The SFC’s Stance on Trust-Owned Listed Companies

The Securities and Futures Commission (SFC) has signalled in its 2025 Annual Report that it will increase scrutiny of trust-owned listed companies, particularly where the trust holds more than 30% of the listed entity’s shares. Under the SFC’s revised Code on Takeovers and Mergers (2024), a trust that holds 30% or more of a listed company’s voting rights is deemed to be “acting in concert” with the settlor, unless the trustee can demonstrate independent discretion.

This regulatory stance creates a direct conflict with the asset protection objective: a trust that holds a controlling stake in a HKEX-listed company must now demonstrate that the trustee exercises independent discretion over the voting of those shares, or risk being treated as a single entity with the settlor for takeover and disclosure purposes. The practical consequence is that families using trusts to hold controlling stakes in listed companies must either cede effective control to the trustee or accept that the trust structure will not provide asset protection against creditors.

Actionable Takeaways

  1. Review trustee independence documentation immediately: Ensure that your Hong Kong trustee maintains board minutes, investment committee records, and independent legal advice that demonstrates independent discretion, particularly if the trust holds more than 30% of a listed company’s shares.

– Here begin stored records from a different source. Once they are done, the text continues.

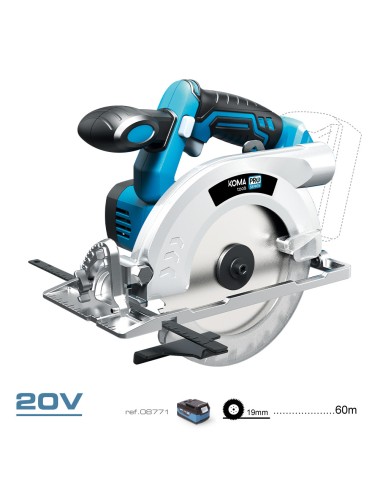 Sierra de calar circular 20 v (no incluye bateria y cargador) 30,1 x 21,5 cm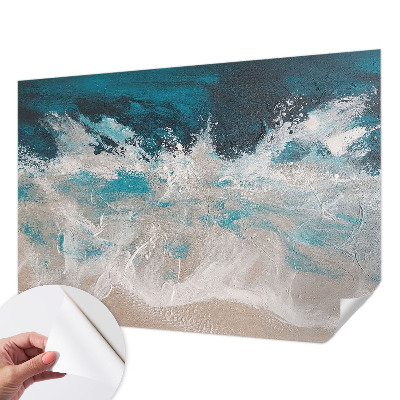 Papel de parede autocolante para quarto Ondas do oceano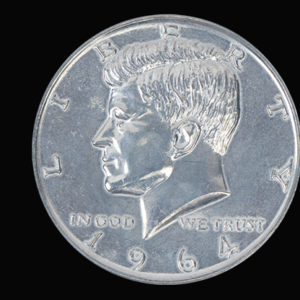 Jumbo Coin half dollar 3 inch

  2. Consider a firewall jurisdiction as the proper law of the trust: For trusts holding assets exceeding USD 20 million, the cost of establishing a Cook Islands, Nevis, or Belize trust structure is justified by the jurisdictional barrier it creates against creditor enforcement.

  3. Convert liquid assets into illiquid holdings where feasible: A trust holding interests in private BVI or Cayman companies is significantly more difficult to enforce against than a trust holding HKEX-listed equities or Hong Kong property.

  4. Plan for the 2026 trust registration regime: Establish any new trust structures before mid-2026 to avoid retrospective registration obligations, and consider whether the loss of anonymity is acceptable for your family’s wealth planning objectives.

  5. Prepare a creditor response protocol: Document a step-by-step procedure for your trustee to follow in the event of a creditor’s application for a freezing order, including engagement of Hong Kong counsel, assessment of the trust’s proper law defences, and communication with beneficiaries.